Lifeguard shortages keep some Denver-area pools closed again
Why it matters: Public pools provide a cheap way to beat the heat, plus a safe space for young people when youth gun violence tends to spike in the summer.
Driving the news: This week, Gov. Jared Polis announced a new lifeguard training program that will allocate more than $250,000 in grants to local governments to boost staffing at public pools. Each city is eligible for up to $20,000.
- Meanwhile, cities are scrambling to hire and train new people with the start of pool season just weeks away.
Zoom in: Denver, which is short about 60 lifeguards, has raised hourly wages to $17.29 — up from $15.87 last year — and is offering free training, parks and rec spokesperson Cynthia Karvaski tells us.
- The city plans to open all outdoor and indoor pools on June 9, but hours could be curtailed because positions "continue to be difficult to fill," she says.
What they're saying: "There is a lot of competition in this area between other municipalities and the private sector, with the biggest barrier being access to training," Karvaski notes.
- "By providing training free-of-cost and ample opportunity to receive certification, we're hopeful that we can continue last year's momentum into this summer."
Zoom out: In Aurora, 75 more lifeguards are needed to open every pool each weekday, so the city bumped starting wages to $17.50 an hour, spokesperson Erin Pulliam tells Axios Denver. The city's schedule isn't finalized yet, but outdoor pools are likely to open on alternating days.
- Boulder is also understaffed by about 25 guards and will curtail operations at several of its pools until more are hired, spokesperson Jonathan Thornton says.
- To help bridge the gap, Boulder increased wages for new lifeguards to $16.50 an hour and is offering a $100 referral bonus and five free guest passes to summer staff.
The big picture: The shortage that impacted about a third of more than 300,000 public pools nationwide last year is predicted to be "just as bad" or "even worse" this summer, American Lifeguard Association director Bernard Fisher tells Axios Denver.
What's happening: It stems from several factors, many of them pandemic-related, Fisher explains.
- For starters, training and certification programs were disrupted during the height of COVID, making it harder to hire and retain staff — particularly international students with J-1 exchange work visas, who were already being relied on heavily before COVID hit.

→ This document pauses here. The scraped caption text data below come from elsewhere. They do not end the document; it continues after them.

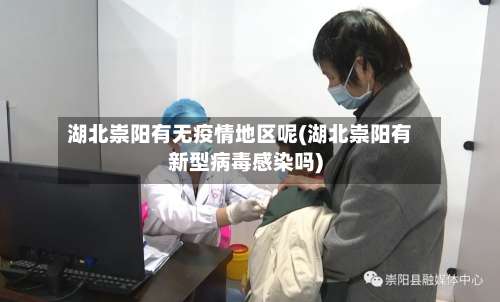 湖北崇阳有无疫情地区呢(湖北崇阳有新型病毒感染吗)-第1张图片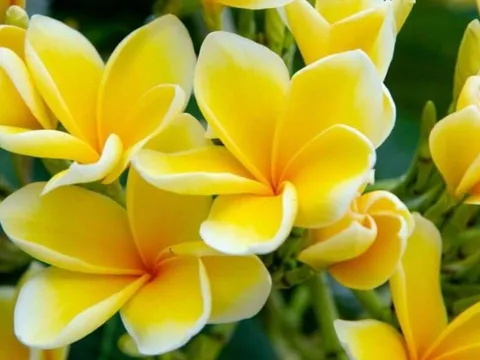 5 loại hoa đẹp nhưng tuyệt đối không nên trồng trong nhà kẻo rước xui xẻo, nghèo khó đeo bám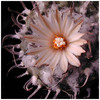 395_turbinicarpus_klinkerianus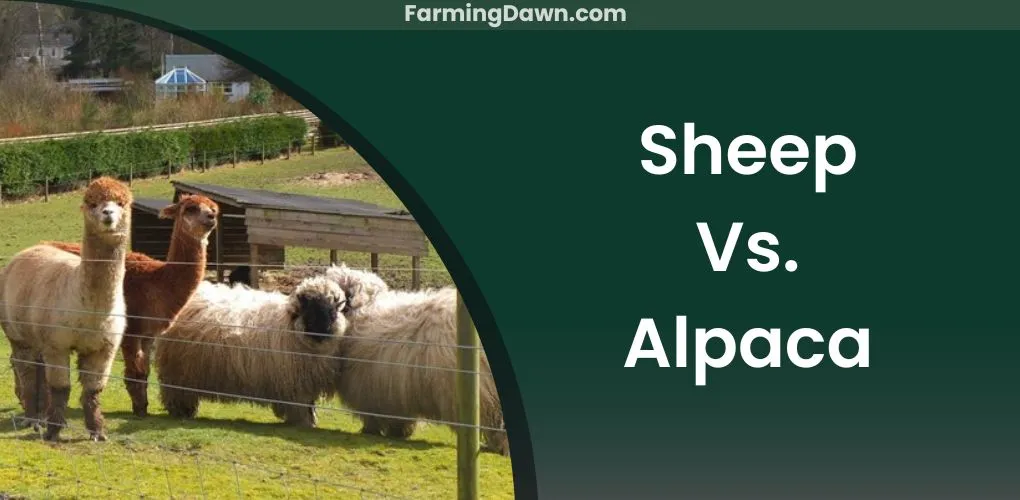 sheep vs alpaca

- Many licensed lifeguards also left the field during that time for new opportunities. "In order to attract the candidates into the profession again, we have to start competing with Starbucks and Amazon, where they can walk off the street and start making good pay," Fisher says.
What to watch: Without enough lifeguard-certified swim instructors to offer as many classes, many kids across the country aren't learning how to swim — and "drownings will increase because of that," Fisher warns.
- That also means a new generation of young people "who are novice or non-swimmers — and can't become lifeguards," he says. "It's a snowball effect going in the wrong direction."